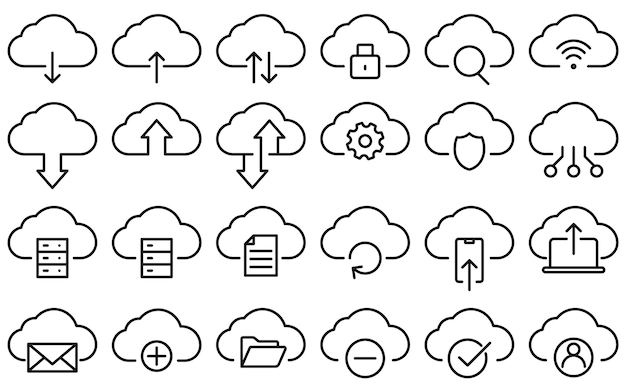 Cloud service and network related line icons Database and online storage line icon set Vector illustration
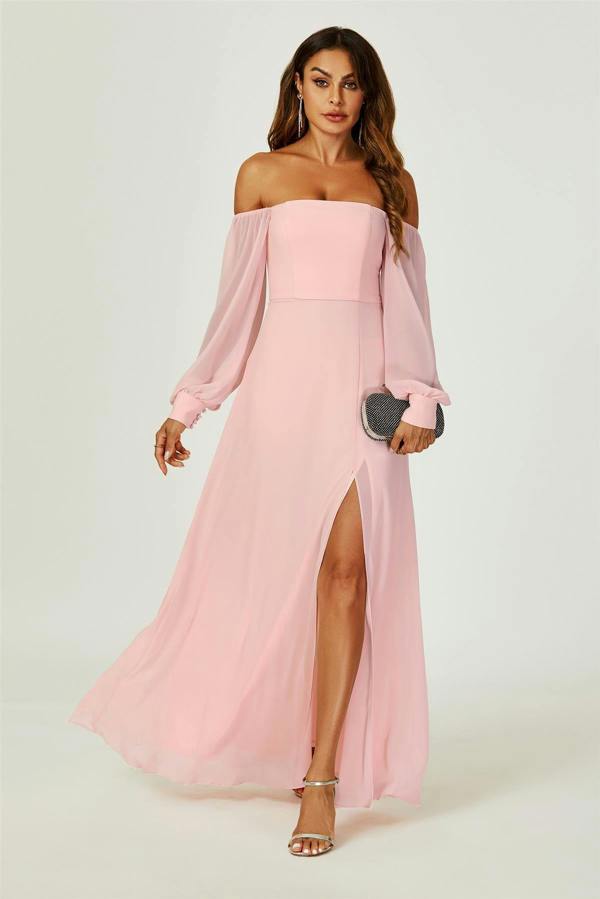 FS Collection Bardot Long Sleeve Bridesmaid Dresses with High Slit In Pink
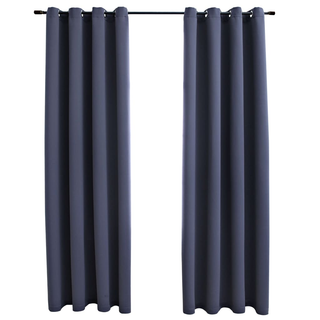 Blackout Curtains with Metal Rings 2 pcs Anthracite 140x175 cm - Giant Lobelia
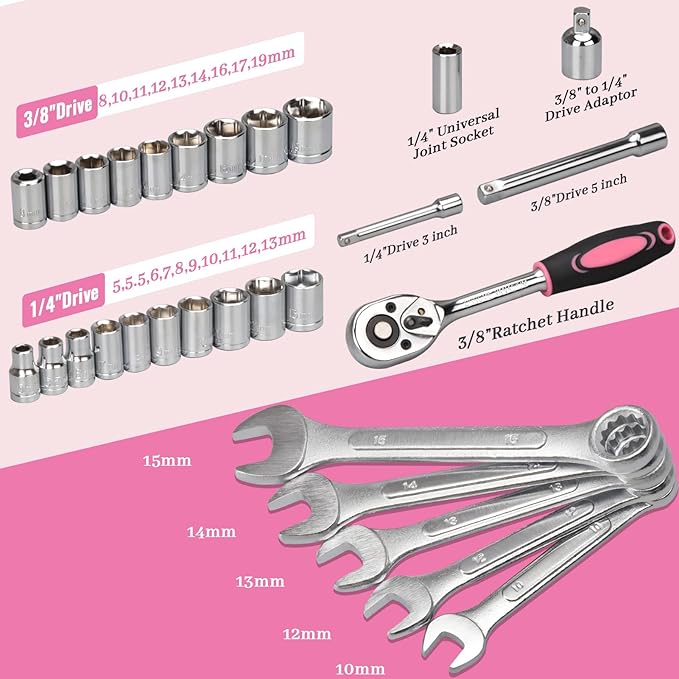 450-Piece Pink Tool Set, Home Tool Kit with Toolbox Storage Case Home Repair Tool Kit with Drawer for Women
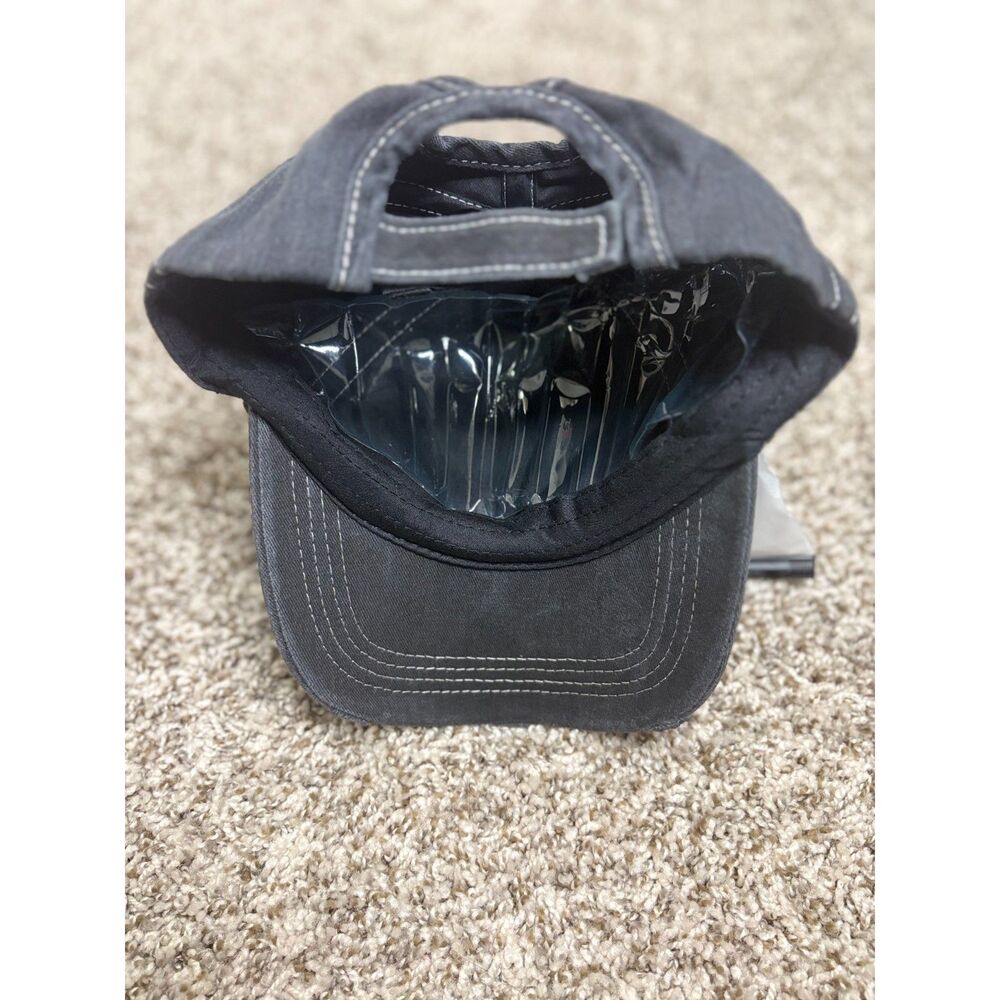 Charcoal Black Distressed Star Baseball Cap - Picture 7 of 7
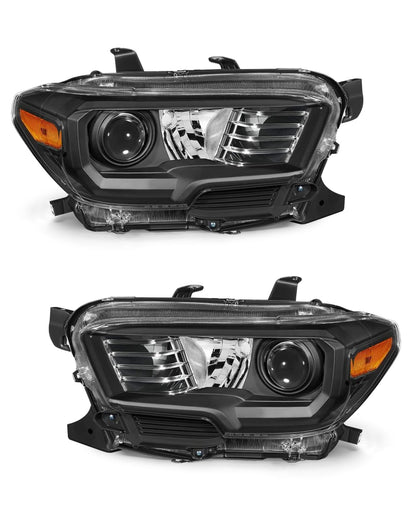 ADCARLIGHTS 2016-2023 Toyota Tacoma Headlight Assembly, Black Housing Amber Reflector IP65 Waterproof Dustproof Fits Non-LED DRL Models Only Driver and Passenger Side (Bulbs Not Included)（W/O Bulbs）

================

### EXERCISE AIM
Pictures are not part of the copy; transcribe the rest of the data verbatim.

### RESULT
 Cloud service and network related line icons Database and online storage line icon set Vector illustration
 FS Collection Bardot Long Sleeve Bridesmaid Dresses with High Slit In Pink
 Blackout Curtains with Metal Rings 2 pcs Anthracite 140x175 cm - Giant Lobelia
 450-Piece Pink Tool Set, Home Tool Kit with Toolbox Storage Case Home Repair Tool Kit with Drawer for Women
 Charcoal Black Distressed Star Baseball Cap - Picture 7 of 7
 ADCARLIGHTS 2016-2023 Toyota Tacoma Headlight Assembly, Black Housing Amber Reflector IP65 Waterproof Dustproof Fits Non-LED DRL Models Only Driver and Passenger Side (Bulbs Not Included)（W/O Bulbs）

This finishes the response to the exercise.